Data shown >>
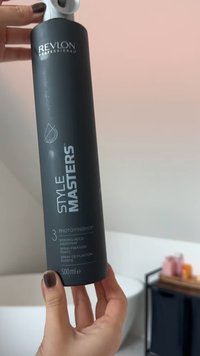 Une main tient un flacon noir de 500 ml de laque Revlon Style Masters à tenue forte dans une salle de bain avec une baignoire et un chariot en arrière-plan.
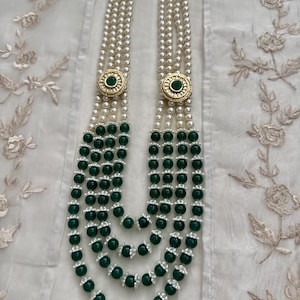 May include: A multi-strand necklace featuring white pearls and dark green beads. The necklace has gold-colored circular accents with a green center. The strands are layered, creating a cascading effect, and are displayed on a white fabric.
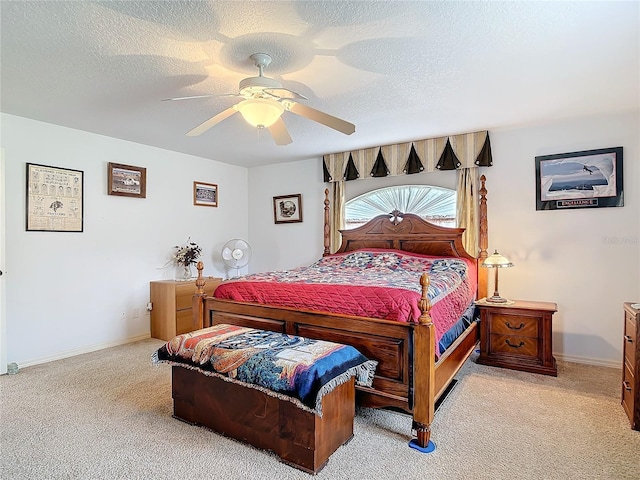 bedroom featuring light carpet, ceiling fan, and a textured ceiling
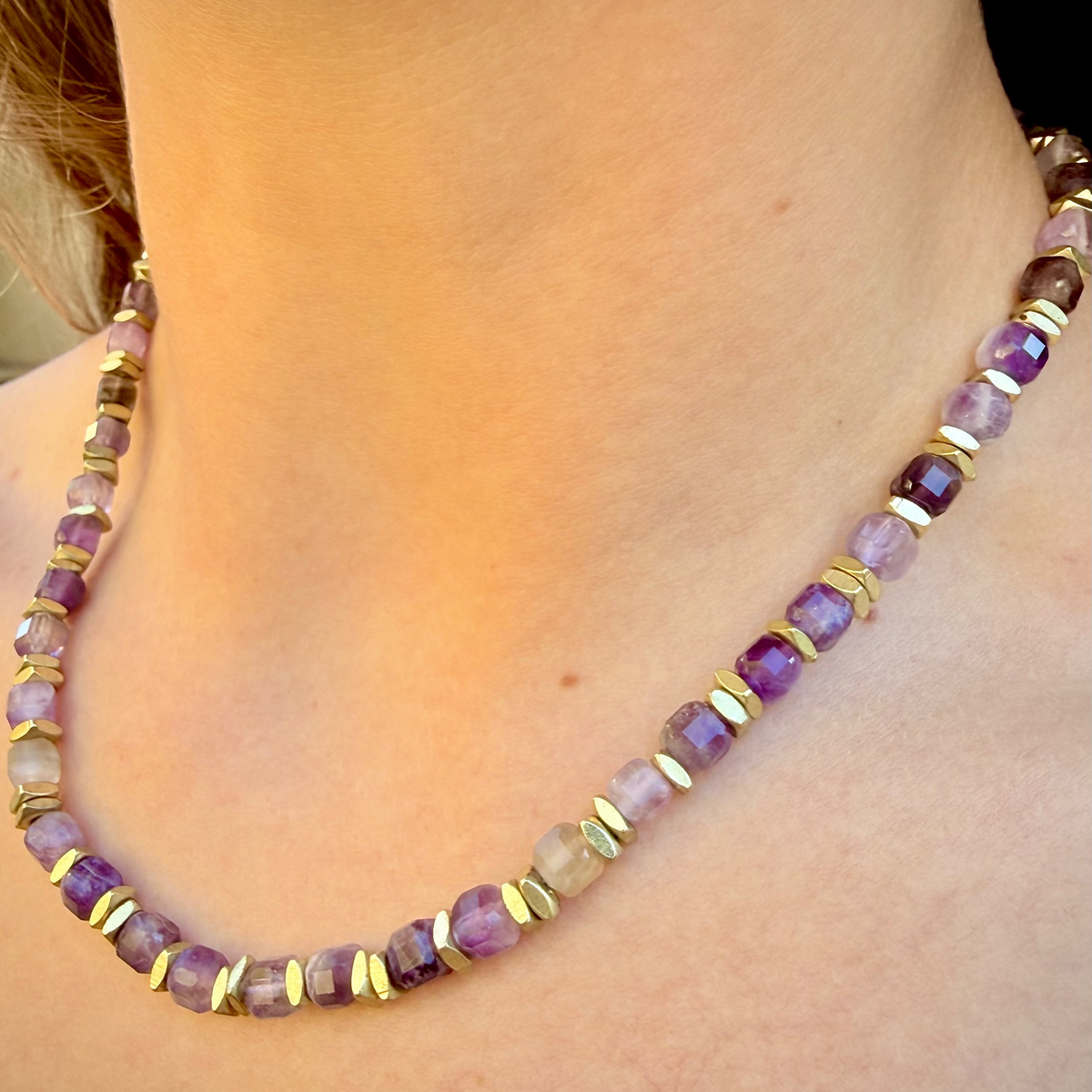 Necklace with purple and gold beads worn by a person
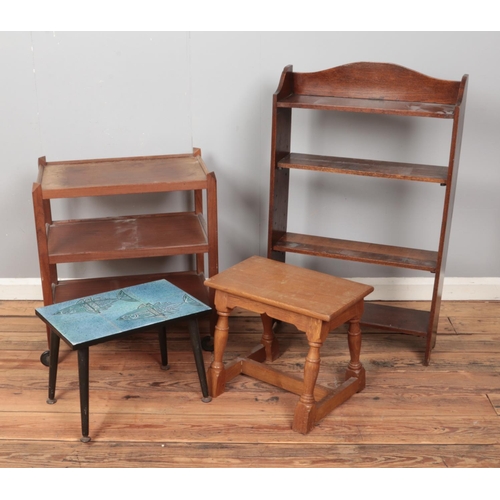 409 - A quantity of assorted furniture to include hostess trolley, open bookcase, tile top table, etc.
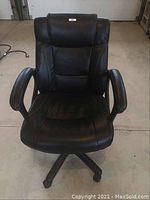 Front view of black office chair showing padded cushioned seat, backrest and armrests, and caster wheels.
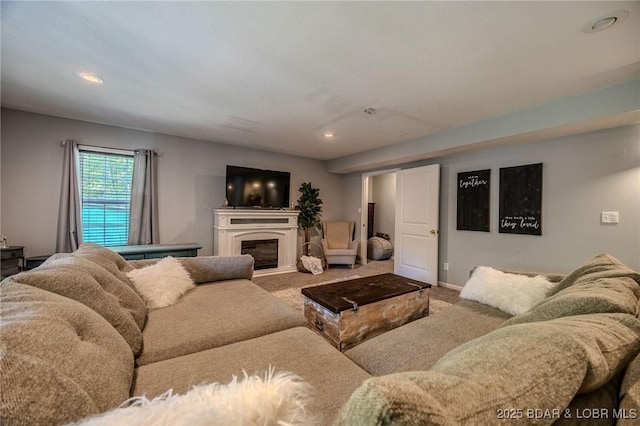1170 San Jose Dr, Osage Beach, MO 65065 - living room with carpet, a glass covered fireplace, and recessed lighting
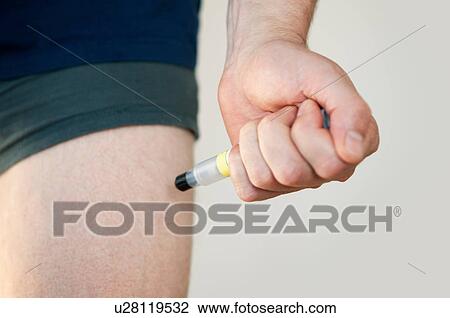 Stock Image - Man injecting himself with syringe. Fotosearch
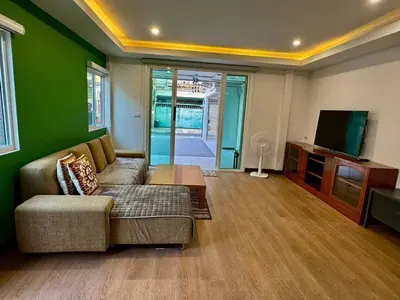 a living room with a couch and a flat screen tv at Stay Tender in Bang Su
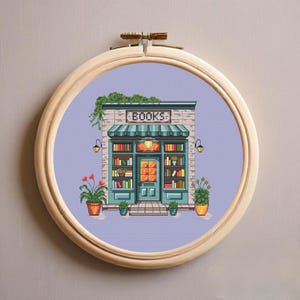 Op de afbeelding: Een kruissteekborduurwerk in een ronde houten ring met een boekenwinkel op een lichtpaarse achtergrond. De winkel heeft een groenblauwe deur, planken vol kleurrijke boeken, een gestreepte luifel en potplanten aan weerszijden.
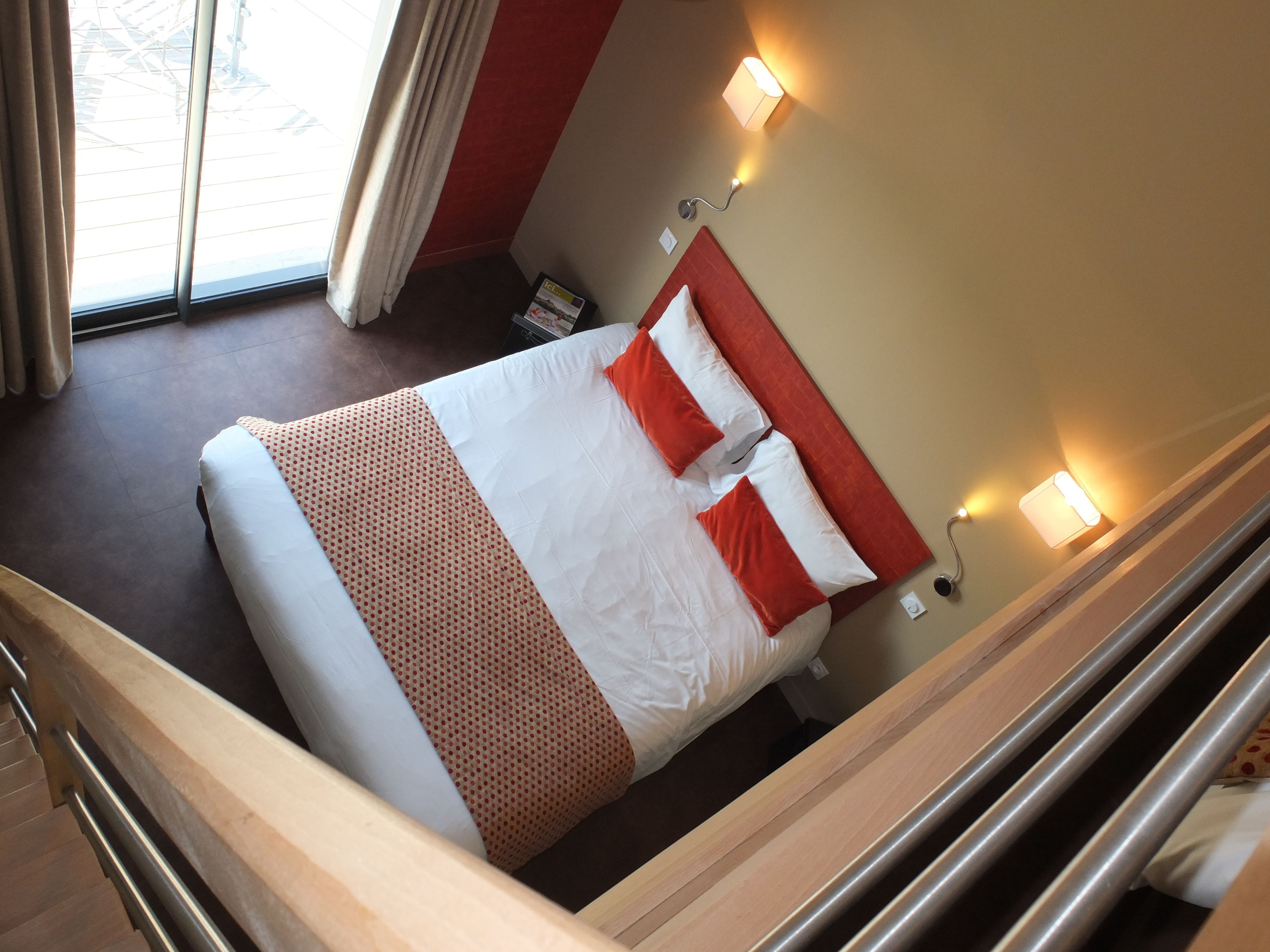A hotel room with a bed, a nightstand, a lamp, and a window with curtains.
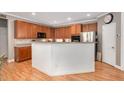 Kitchen featuring wood cabinets, stainless steel appliances, an island and laminate floors at 1831 Devonridge Dr, Fuquay Varina, NC 27526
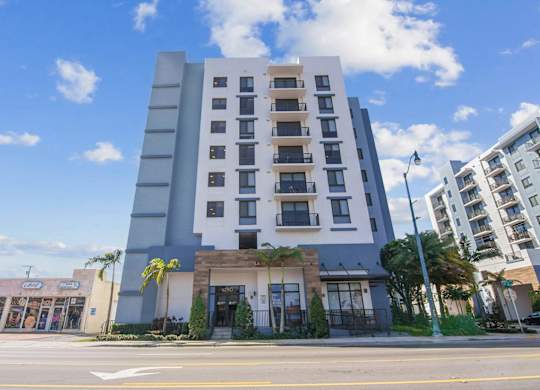 A modern multi-story building with a flat roof and a parking lot in front.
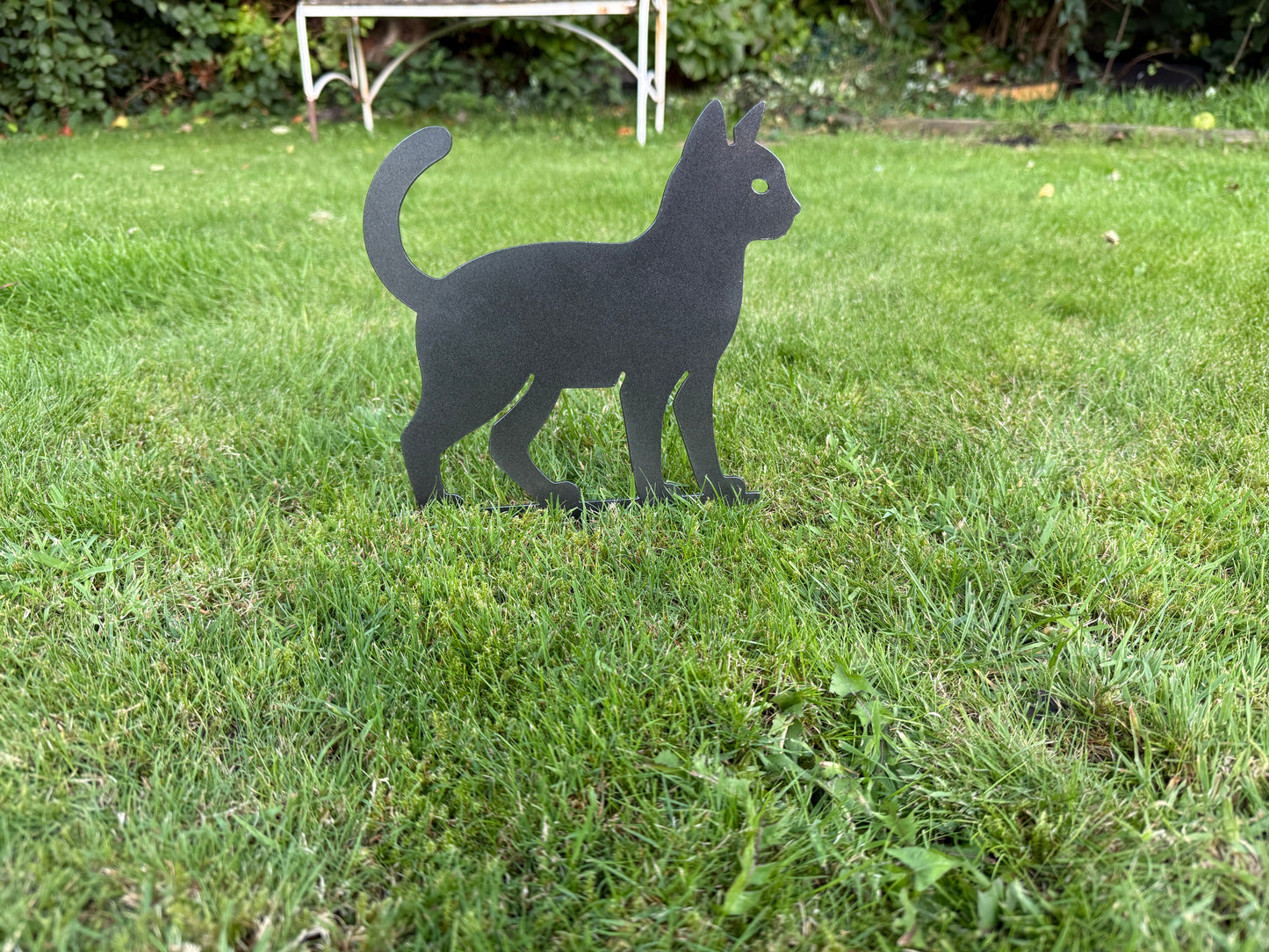 Metal cat with stake for ground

Instructions to follow >>
Your copy should consist only of the lines from the line holding "bedroom featuring light" through the final line of the listing above, both included, with all pictures omitted.

Written answer >>
 bedroom featuring light carpet, ceiling fan, and a textured ceiling
 Necklace with purple and gold beads worn by a person
 409 - A quantity of assorted furniture to include hostess trolley, open bookcase, tile top table, etc.
 Front view of black office chair showing padded cushioned seat, backrest and armrests, and caster wheels.
1170 San Jose Dr, Osage Beach, MO 65065 - living room with carpet, a glass covered fireplace, and recessed lighting
 Stock Image - Man injecting himself with syringe. Fotosearch
 a living room with a couch and a flat screen tv at Stay Tender in Bang Su
 Op de afbeelding: Een kruissteekborduurwerk in een ronde houten ring met een boekenwinkel op een lichtpaarse achtergrond. De winkel heeft een groenblauwe deur, planken vol kleurrijke boeken, een gestreepte luifel en potplanten aan weerszijden.
A hotel room with a bed, a nightstand, a lamp, and a window with curtains.
 Kitchen featuring wood cabinets, stainless steel appliances, an island and laminate floors at 1831 Devonridge Dr, Fuquay Varina, NC 27526
 A modern multi-story building with a flat roof and a parking lot in front.
 Metal cat with stake for ground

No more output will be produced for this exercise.